AK: It’s a lot to learn, going to Summer League. And it’s a different process. Obviously, I had a great time at Summer League playing for Coach Blatt. Playing with and against a lot of great players. At that time, I was just trying to take it all in and learn. I never played in a game where there was defensive three seconds, you know? So that was something to adjust to. Just the speed of the game, the strength of the game. And obviously, when you watch the Summer League you can tell who the guys that played in the NBA last year were. There wasn’t any surprise, those guys stood out. So you just take little things, learn from it, and move on.
I’ll be honest, I think I struggled in areas at Summer League. But I think I did a lot of little good things and I think that’s what they’re looking for–is for me to just keep working as hard as I can and keep improving on those things. I know there’s a lot, I know I need to figure out the defensive rotation, keep working on that, getting quicker, faster and stronger. But I think I can definitely adjust to all those things.
BB: What can Cavs fans expect to see from Alex Kirk this season in Cleveland?

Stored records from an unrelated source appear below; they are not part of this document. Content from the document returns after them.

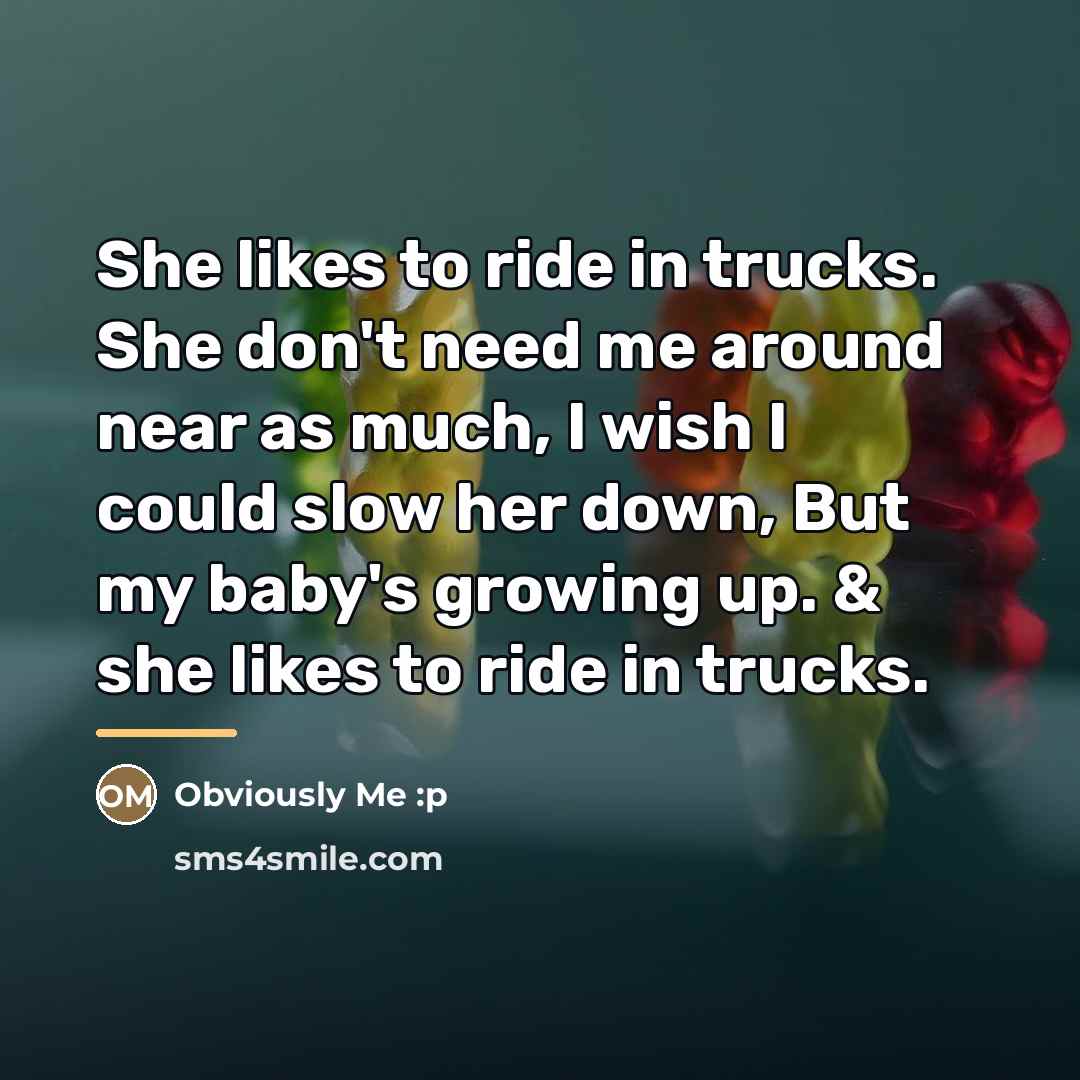 “She likes to ride in trucks. She don't need me…” quote by Obviously Me :p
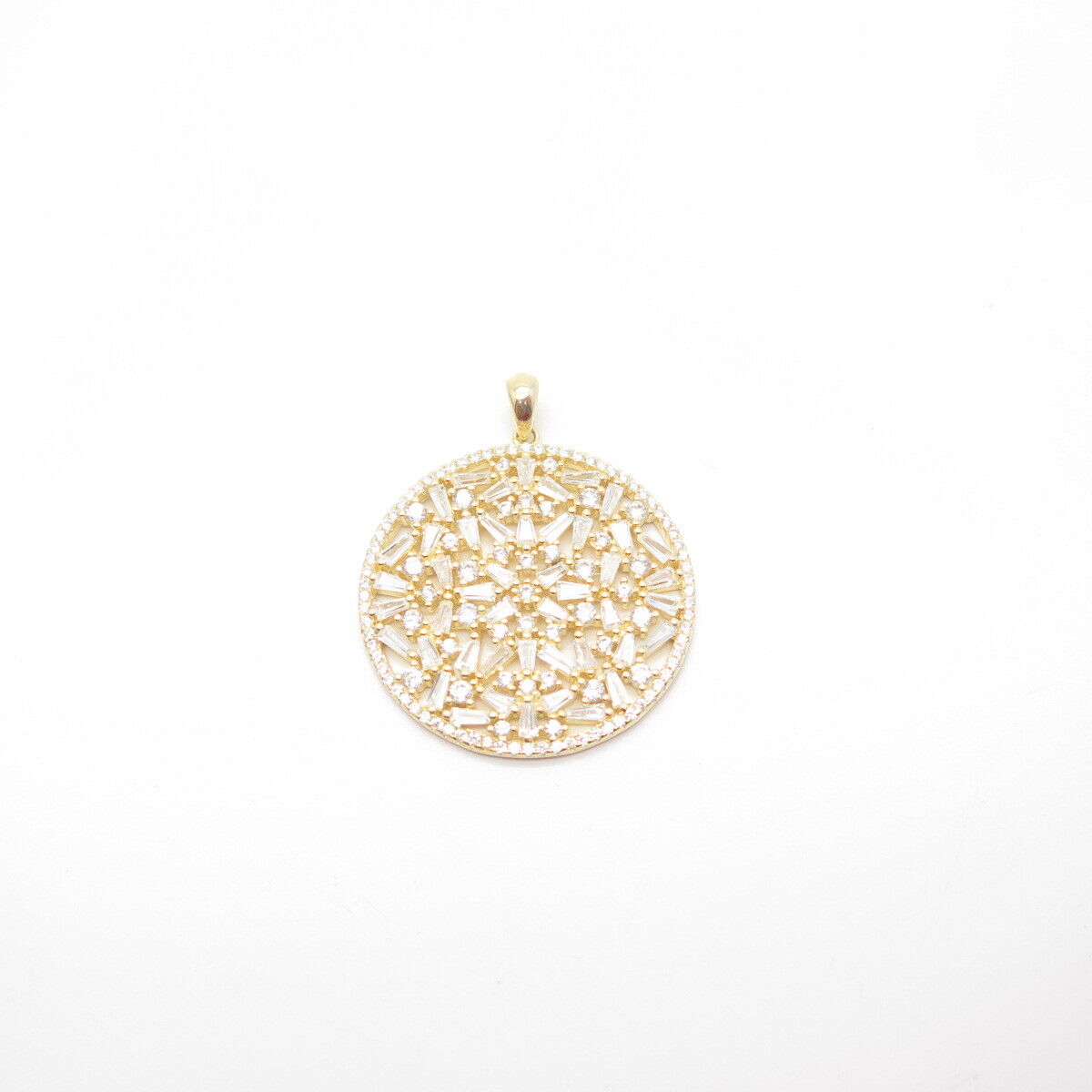 925 Sterling Silver Gold Plated C Z Nugget Round  Pendant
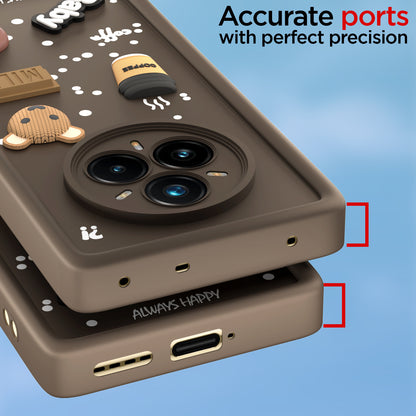 Pikkme Realme 14 Pro Plus 5G / Realme P3 Pro 5G Cute Fun Cartoon 3D Bear Coffee Back Cover (Brown)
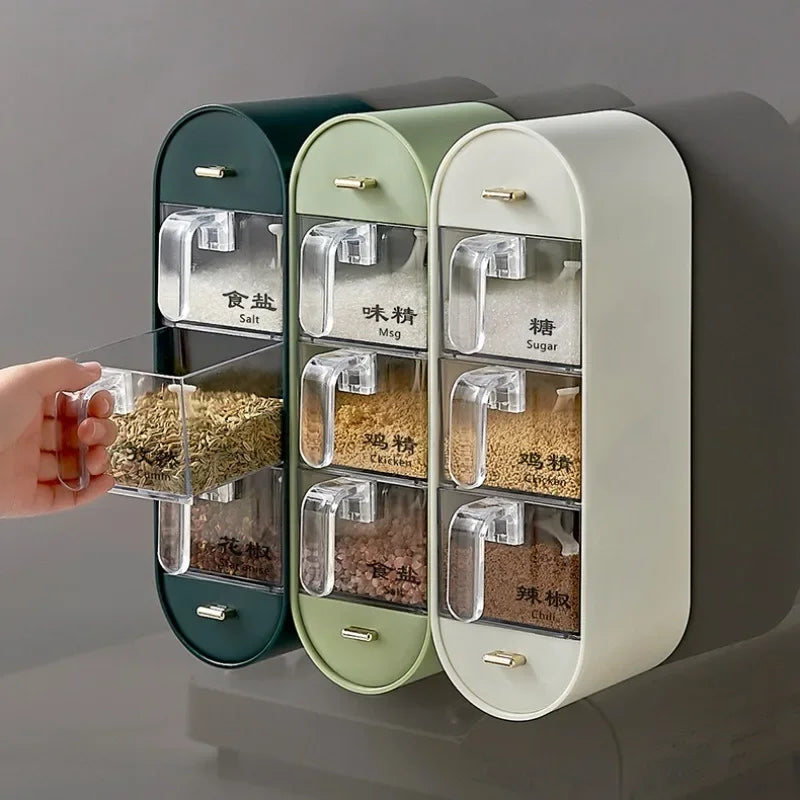 WALL HANGING SPICE ORGANIZER WITH REMOVABLE CUPS
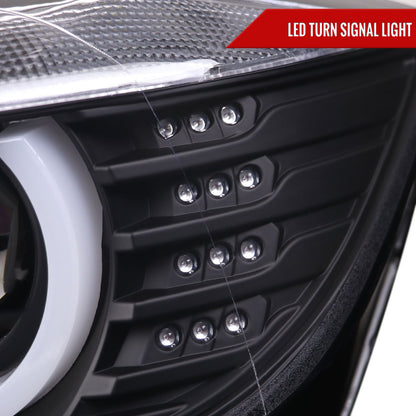 Spec-D 12 F30 3-Series 4DR Dual black LED bar Projector headlights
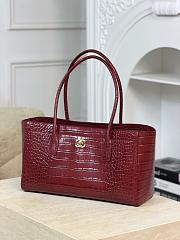 Chanel Small Tote Crocodile Embossed Calfskin & Gold-Tone Metal Dark Burgundy AS6243 - 39x20x13cm - 2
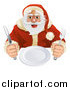 Vector Illustration of a Hungry Santa Seated with a Blank Plate by AtStockIllustration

AK: I just want to be that big guy who comes in with the chances I get and work as hard as I possibly can. All I’m looking to do is get better as a player and person and I know I’m with the right organization to do that. I’m extremely excited about the opportunity to be able play at the Q, to be able play alongside the guys who are on this team. I know it’s going to take time. But I’m pretty excited to take on the challenges and become the best basketball player I can possibly be for the Cleveland Cavaliers.